The application of eye-tracking (ET) technology in combination with machine learning (ML) presents a promising approach to improve the understanding and early detection of Autism Spectrum Disorder (ASD). This study presented a novel approach to ASD classification, utilizing an ET dataset from Carette et al. [13], aiming to differentiate between ASD and Typically Developed (TD) children. Among the machine learning algorithms evaluated, Convolutional Random Forest (ConvRF) achieved superior performance, obtaining a recall of 90% and an Area Under the Curve (AUC) of 88%. This performance highlights the potential of ConvRF to accurately classify ASD in children, contributing to a significant improvement over other traditional methods.

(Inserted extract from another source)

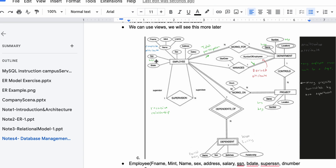We also have birth date as an attribute. Then we have a recursive relationship. For this recursive relationship, it's going to be one-to-many. In a one-to-many recursive, you put the 'many' side here, and that many has to associate with the employee. Notice how we have the supervisor and the supervisee — we're going to want the super SSN.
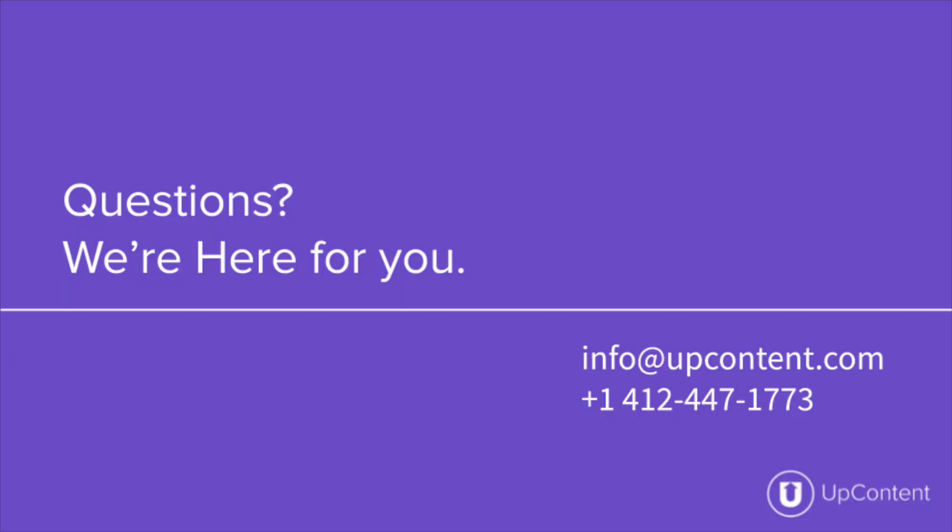If you have any questions about UpContent, please give us a call at 412-447-1773 or shoot us an email at info at UpContent.com.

Particularly, the ConvRF model attained these results with considerably faster training times compared to deep neural network models such as Artificial Neural Networks (ANNs) and Convolutional Neural Networks (CNNs), which is an important advantage for practical application. This efficiency in training time, in combination with the high classification performance, makes ConvRF an interesting option for clinical applications. The recall and AUC values achieved show that our model could be implemented as a valuable tool in clinical settings, potentially combined with existing diagnostic methods and advancing earlier interventions. Early ASD detection is important since it enables the implementation of timely and personalized interventions, which can significantly enhance developmental outcomes. The success of the ConvRF approach highlights the potential of combining advanced machine learning techniques with eye-tracking data to improve ASD detection and intervention strategies. Future studies could focus on validating these findings in larger, more diverse populations and examining the integration of this model into real-world clinical workflows.